Few things prepare young adults for the financial realities of being independent, but that does not mean that you can’t sit down with them and go over a few pointers to help them start on the right foot!
Most adults can look back on their late teen and early twenties years and remember feeling invincible, but really having no clue how to manage the responsibilities of living alone. Chances are, they will be reluctant to eagerly accept your advice, but planting a seed is the first step to growing a flourishing plant.
Here are 7 discussion starters you can use with teens
Help them understand the purpose and general structure of a budget. Show them a month of your own expenses if that helps. There are plenty of helpful templates online that offer user-friendly customization so your new grad can visually see the various financial responsibilities that will be awaiting them: Housing and utilities, vehicle/transportation, food, health insurance, education expenses, clothing, and miscellaneous are all great starting points, depending on your teen’s lifestyle and needs.
Talk about the importance of regular saving, before things like marriage and family become top priorities.
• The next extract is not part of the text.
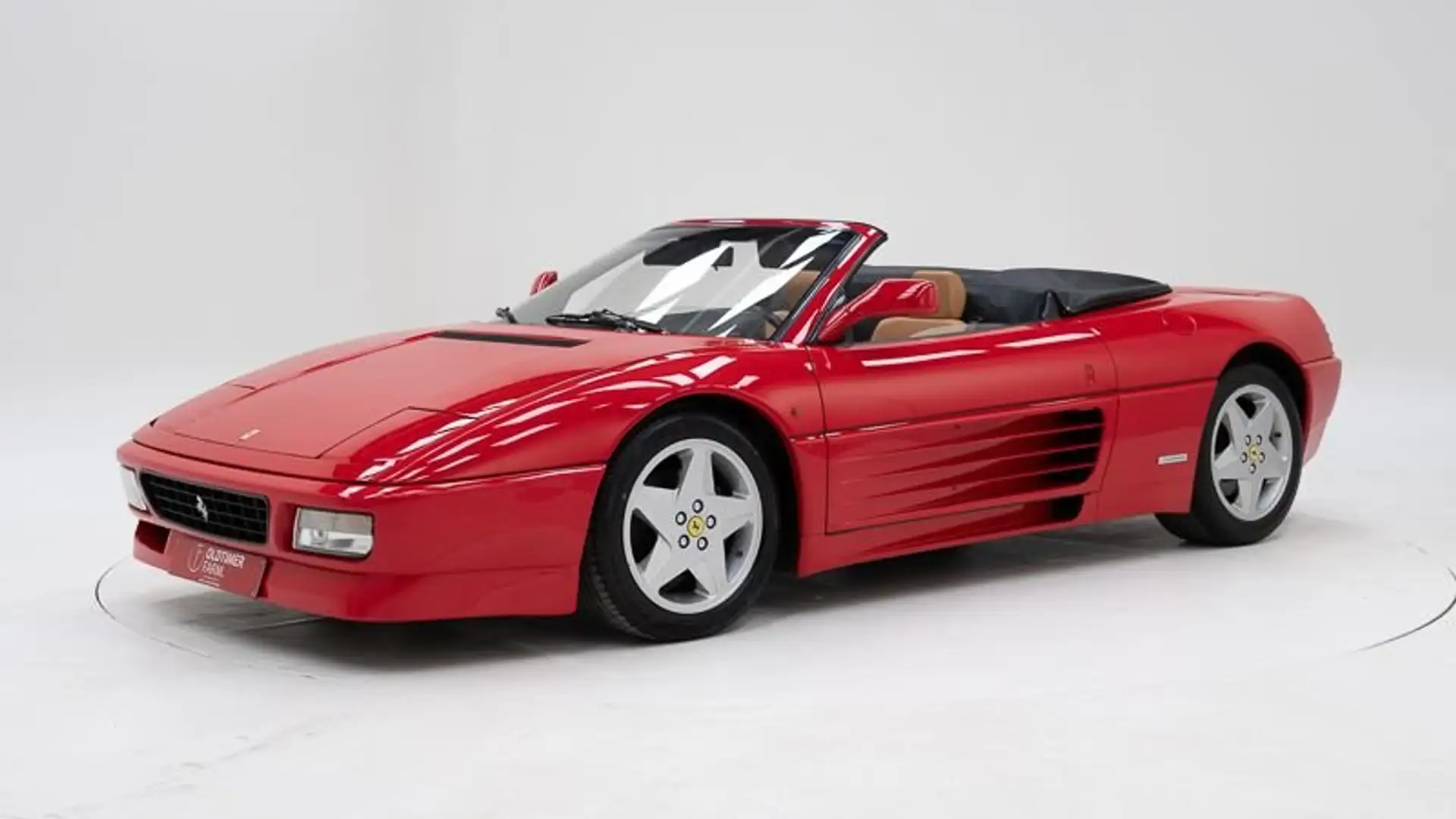 Ferrari 348 Spider Red '93 CH7851 Rouge - 1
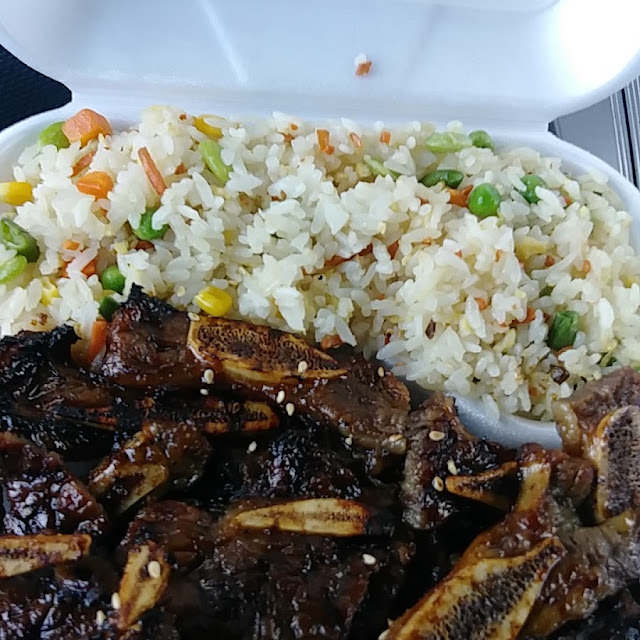 Chicken Teriyaki and Beef Short Ribs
Most financial experts recommend having an emergency savings fund with at least 6 months of all expenses in the event of a sudden job loss or unexpected emergency. Looking back on my own personal youth, I can recall a plethora of times that I spent a lot of money on silly, frivolous things. Hindsight is 20/20, but encourage your budding independent adult to truly think about the practicality of purchases and to avoid spending unless it is necessary.
Discuss the compounding impacts of large purchases. A newer, more expensive car is much more than just a slightly higher monthly payment. Insurance costs typically increase when the value of the vehicle does. Annual taxes are also much higher on a more expensive vehicle. Additionally, maintenance and fuel costs are important to consider before diving into a large purchase, just because you can.
Encourage your teen to explore various options for investing. Certain IRA accounts allow for taxes to be paid now, rather than later, which can potentially save a tremendous amount of money. Other growth allocated platforms can quickly generate more value through higher interest rates. Clark Howard wrote a great article about how a ’15-year-old teenager can save just $2,000 a year for 7 years. Then, never saving another penny again, the money can grow to be $1,000,000 at 65.’ Although his prediction is dependent on economic activity, the premise holds a lot of possibility.
Talk about the dangers of ruining your credit and how long it takes to rebuild your reputation in the financial community. Not only can credit troubles prevent you from making larger purchases if and when you do need them, but it can also impact your ability to qualify for housing or even certain jobs. Urge them to protect their fragile credit by paying bills on time.
Discuss what it means to live frugally and ways that your teen can make realistic and practical decisions when it comes to their money. Shop around for the best prices. Meal plan. Clip and use coupons. Do not hesitate to ask for a student discount. Being on a tight budget leaves little room for spontaneous or unplanned spending.
Don’t be afraid to disclose your own personal failures when it comes to finances. For most people, they will not understand the impact of independence until they are walking and living it, and that includes learning from your mistakes.
Graduating and moving on to the next chapter of your life is an exciting and overwhelming time, but it can also be the perfect time to establish healthy views and practices when it comes to personal finance.